Enfants, poussière se développe au coeur d'une dimension technique restreinte, minimale, un presque rien cinématographique qui veut rendre féconds empêchements et difficultés existentiels qui peuvent être à sa source. Le film, pensé comme un retrait dont les résultats brillent de ne rechercher ni éclat, ni efficacité, est la rencontre délicate et heureuse dans ses effets d'un plan séquence et d'une bande sonore elle même conçue dans la continuité d'une prise unique. Par ce moyen, il livre, en même temps que la recherche de son sujet, les suspens et les hésitations par lesquels elle passe nécessairement, et que les opérations techniques habituelles du cinéma — écriture, découpage, montage — tendent le plus souvent à occulter. Nous ne pouvons vouloir produire une trace si d'avance nous savons ce qu'elle va être. Il y a une part d'inconnu devant quoi le cinéma lui-même, dont les mouvements portent toujours au-delà de nos intentions et de nos désirs, devient une puissance d'agir et de révélation.

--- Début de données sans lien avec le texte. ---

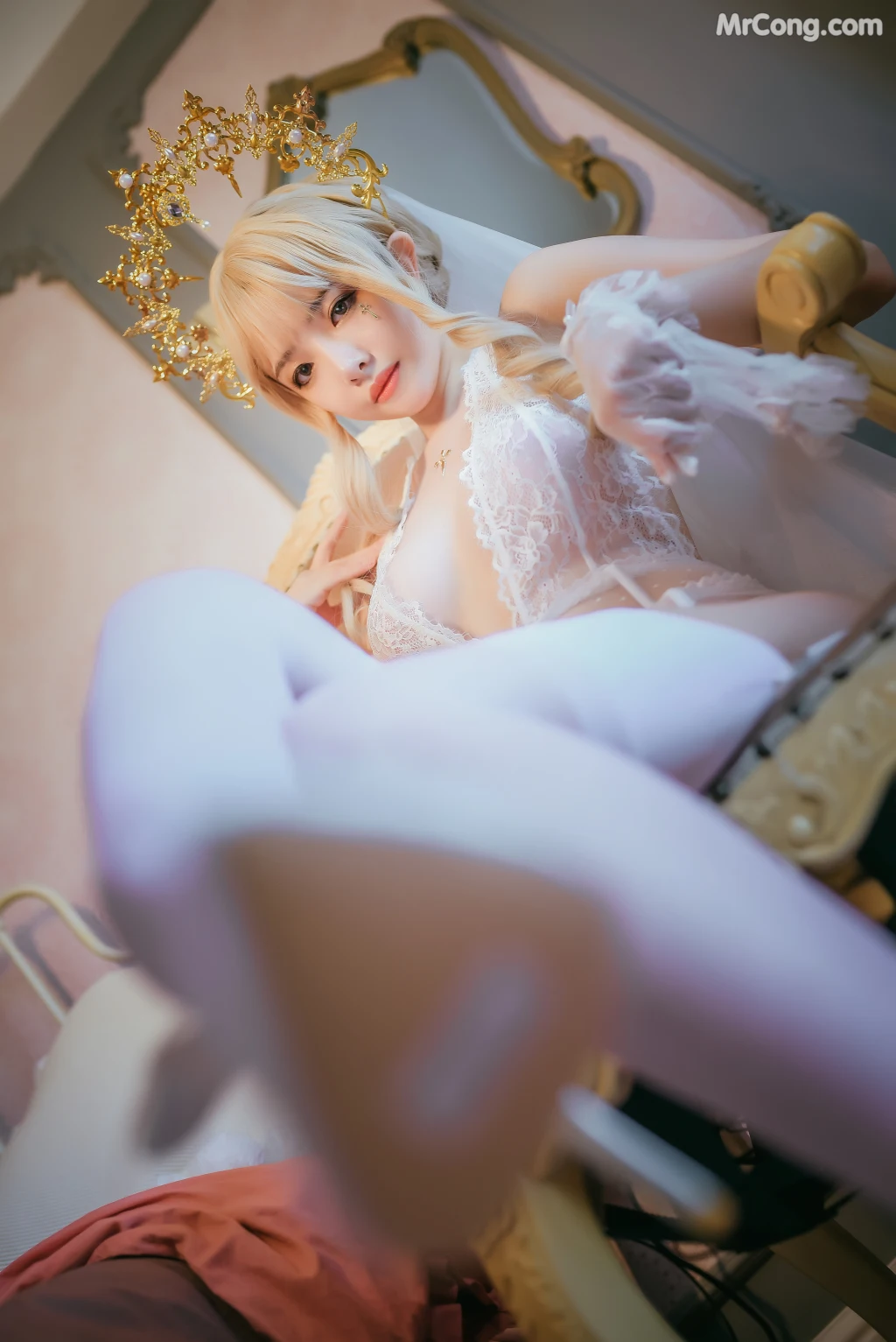 Coser@雯妹不讲道理 No.036: 圣母 (38 photos) – Page 3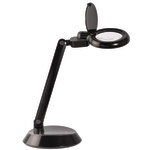 OttLite LED Magnifier Desk Lamp, 14-3/4inH, Black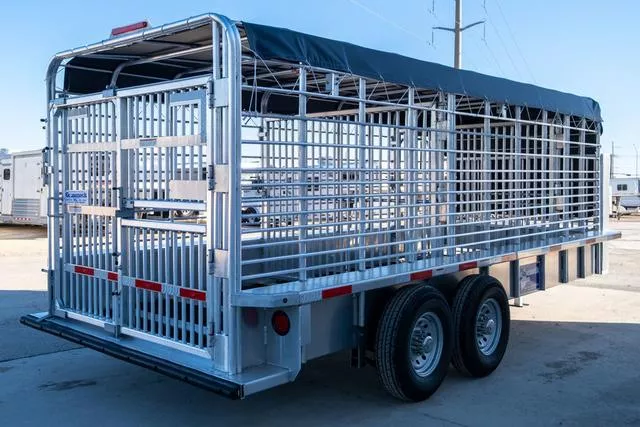 new Stock / Stock Combo Trailers Gooseneck  for sale, in Seguin, TX Thumbnail 4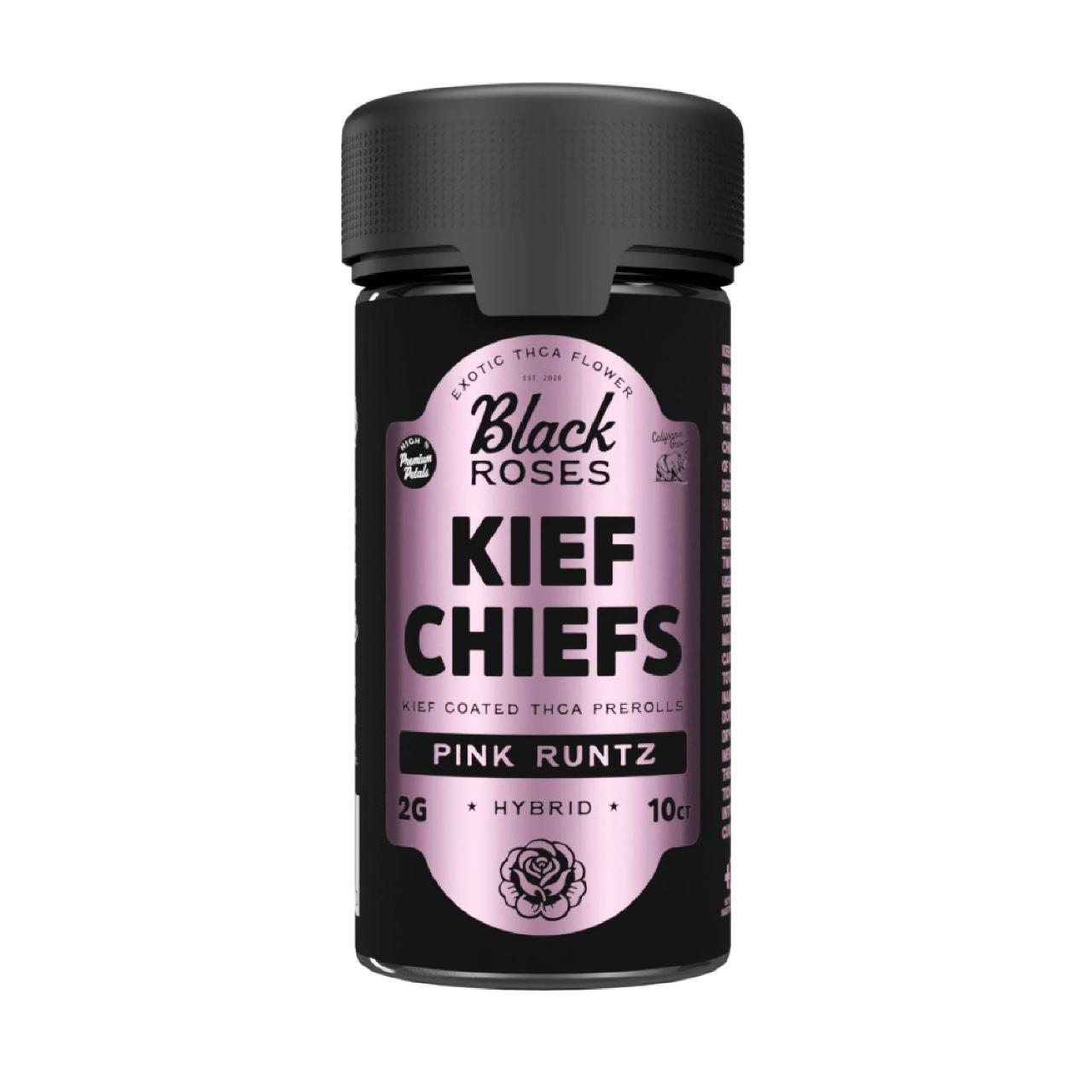 Black Roses KIEF CHIEFS THCA Prerolls 2G 10CT – Pink Runtz/Hybrid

Mais cette décision d'en faire, pour ainsi dire, le moins possible, pour que quelque chose advienne, que la réalisatrice provoque sans pouvoir le contrôler vraiment, reste un acte de cinéma, qui ici est particulièrement profond et cohérent. Venue sur cette plage, quelques années auparavant, disperser au vent les cendres de sa mère défunte, Frédérique Devillez donne une dimension nouvelle à une relation familiale dont nous apprenons par ailleurs qu'elle était vécue douloureusement. Le matériel de tournage utilisé, sensible à la poussière et à toutes sortes d'impureté, au point que les images qu'il produit en sont marquées de manière définitive et irréversible, est sans conteste le médium qui, dans l'économie du film, pouvait capter quelque chose de cette présence absence dont Enfants, poussière veut retenir une manifestation, la plus mince soit-elle. Une manière simple et évidente de rappeler qu'un lien subsiste avec ceux qui, pour nous avoir quitté, n'en continuent pas moins d'impressionner nos jours, et qu'un des lieux du cinéma est de nous permettre d'en témoigner auprès de notre entourage.